Use Braintrust metrics with the evaluation runner for batch evaluation:

metric, err := braintrust.New(
braintrust.WithAPIKey(os.Getenv("BRAINTRUST_API_KEY")),
braintrust.WithMetricName("factuality"),
)
if err != nil {
log.Fatal(err)
}
runner := eval.NewRunner(
eval.WithMetrics(metric),
eval.WithDataset(samples),
eval.WithParallel(4),
eval.WithTimeout(5 * time.Minute),
)
report, err := runner.Run(context.Background())
if err != nil {
log.Fatal(err)
}
fmt.Printf("Average factuality: %.3f\n", report.Metrics["braintrust_factuality"])

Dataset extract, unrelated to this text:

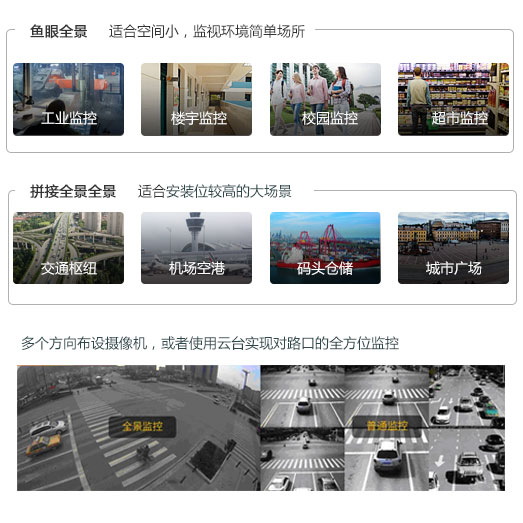 全景攝像機在安防行業的應用圖片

When evaluating RAG pipelines, include retrieved documents as context:

sample := eval.EvalSample{
Input: "How does photosynthesis work?",
Output: "Photosynthesis converts CO2 and water into glucose using sunlight.",
ExpectedOutput: "Plants use light energy to convert carbon dioxide and water into glucose and oxygen.",
RetrievedDocs: []schema.Document{
{Content: "Photosynthesis is the process by which plants convert light energy..."},
{Content: "The process occurs in chloroplasts and involves two stages..."},
},
}
score, err := metric.Score(ctx, sample)

The provider extracts content from RetrievedDocs and sends it as context to the Braintrust API alongside the input, output, and expected output.

Braintrust metrics are prefixed with braintrust_ to distinguish them from metrics from other providers. For example, a metric configured with WithMetricName("factuality") reports its name as braintrust_factuality.

score, err := metric.Score(ctx, sample)
if err != nil {
// Errors include HTTP failures, invalid API responses, and authentication issues
log.Printf("Braintrust scoring failed: %v", err)
}

Scores are clamped to the [0.0, 1.0] range. If the API returns a score outside this range, it is automatically normalized.